Ah, isso é demais - e nada tem a ver com «tentativas de o ligar ao anterior regime», como Cavaco se lamuriou. Nada! A ligação é só à sua têmpera, à sua capacidade ou não de enfrentar situações difíceis. Toda a gente de bem que conheci, desafecta ou mesmo afecta ao salazarismo, respeitava este princípio: à polícia (e então à secreta!) só se diz o mínimo. Era questão de fidalguia, de sobranceria, de desprezo. Não era exigido a Cavaco que escrevesse o nome da segunda mulher do sogro e muito menos que declarasse que não privava com ela. Qualquer um com dois dedos de siso saberia que isso iria pôr a PIDE de sobreaviso contra a senhora - ou então queria mesmo denunciá-la.

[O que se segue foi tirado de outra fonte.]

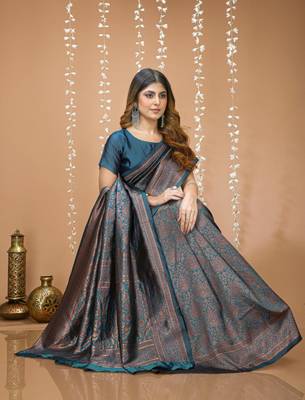 teal blue silk blend jacquard weaving saree with matching blouse 2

Cavaco não seria tão reles: apenas estaria tão tremeliques que escreveu até o que não queria, coitado. E logo ele que diz que há palavras de mais na política. Lá sabe do que fala, quando falou, à PIDE, do que não devia ter falado.

Nota: A Joana Lopes também mete os pontos nos ii sobre o tema. Quanto ao “documento”, ele pode ser consultado aqui.

(publicado também aqui)

1 comentários:

Miguel Serras Pereira disse...

Nem mais, muito caro camarada João Tunes.
E o Óscar diz também o essencial, corroborando a leitura da nossa amiga Joana. Mas, já que aqui estamos, aproveiro, para sobre o mesmo assunto, recomendar também a leitura do post do Miguel Cardina: "A pulsão da vidinha" (http://arrastao.org/2114413.html).
Por fim, como eu próprio escrevi num comentário, na caixa do post da Joana: "Num regime de ditadura, vir denunciar como (politicamente) infrequentáveis ou pouco recomendáveis relações familiares cujo comportamento as autoridades possam ter por menos correcto é, pura e simplesmente, abaixo de cão". E, neste caso, o resto - desculpas, justificações, invocações de contexto, etc. - são cantigas.